SciPy Conference 2021 Takeaways#
A couple weeks ago, I had an opportunity to (virtually) attend the Scientific Computing with Python (SciPy) Conference! The conference consisted of three primary sections:
Tutorials (Monday/Tuesday)
Talks (Wednesday - Friday)
Sprints (Friday - Sunday)
Tutorial topics ranged from machine learning, interactive dashboards, to distributed computing using Dask! These tutorials were four hours long, including a wide variety of speakers for each tutorial topic.
The talks included keynote addresses at the beginning of the day, followed by various tracks, typically including some “scientific-focused” session (ex. “Earth, Ocean, Geo, and Atmospheric Science”), a machine learning track, and maintainer track. The variety of tracks offer an opportunity to group into more focused disciplines/groups. Personally, my favorite session was the Earth, Ocean, Geo and Atmospheric Science session, which was held Friday morning through afternoon (Central time)

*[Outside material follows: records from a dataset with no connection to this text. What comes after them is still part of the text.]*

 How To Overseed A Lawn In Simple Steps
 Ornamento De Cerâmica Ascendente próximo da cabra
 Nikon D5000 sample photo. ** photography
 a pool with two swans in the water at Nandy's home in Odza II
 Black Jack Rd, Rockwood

In the next few sections, I include notes from a few of the sessions I attending, primarily related to keynote presentations and the Earth, Ocean, Geo, and Atmospheric Science portion of the conference.

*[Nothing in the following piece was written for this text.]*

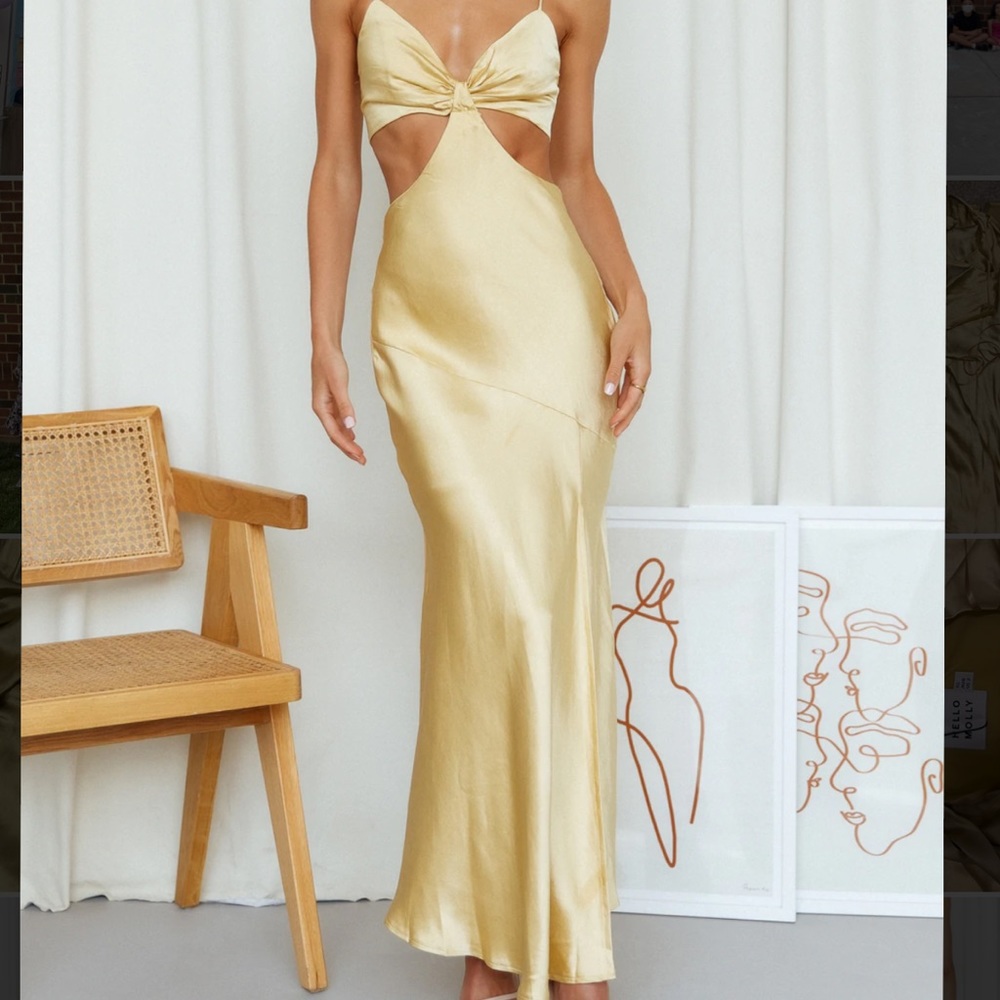 NWT satin hello molly dress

All the talks were recorded, with the links to invidual talks included within the headers. If you are interested in talks not covered in this post, check out the following links:
Keynote - Fernando Perez - SciPy and Open Source Toolsin Sicence: Challenges and Successes#
Background#
iPython started with an afernoon hack in October 2001
Collaborative effort from the beginning
Announced iPython in 2001
Other things in the Python world that started in 2001
Enthought
Key part of Python - the community
So far - mostly white men - need to move toward more diversity in the field
Grant to push for more diversity - led by group at CU Boulder
In order to build, it takes a village
Large variety of packages + tools
2015 - black holes - first figure was plotted in Python
2019 - first image of black hole - cited NumPy and SciPy
23,000 people contributed to the code behind this
10 most influential code bases
IPython/Jupyter - really a lot of the packages that go into this
Students at UC Berkely
Most students using Jupyter, organize a national data science workshop now
Atmospheric data Community Toolkit#
Recorded presentation Github repo
Framing the problem
Didn’t really have CS incoporated into curriculum
Learned java + c, not for data analysis…
Advisors just dump their code
Their way becomes your way!
Can be tough to build up from there…
Get into job market - different groups do things differently
Build up coding silos - makes it difficult to share across groups
Even in same organizations!
Silos are built on 20 years of doing things…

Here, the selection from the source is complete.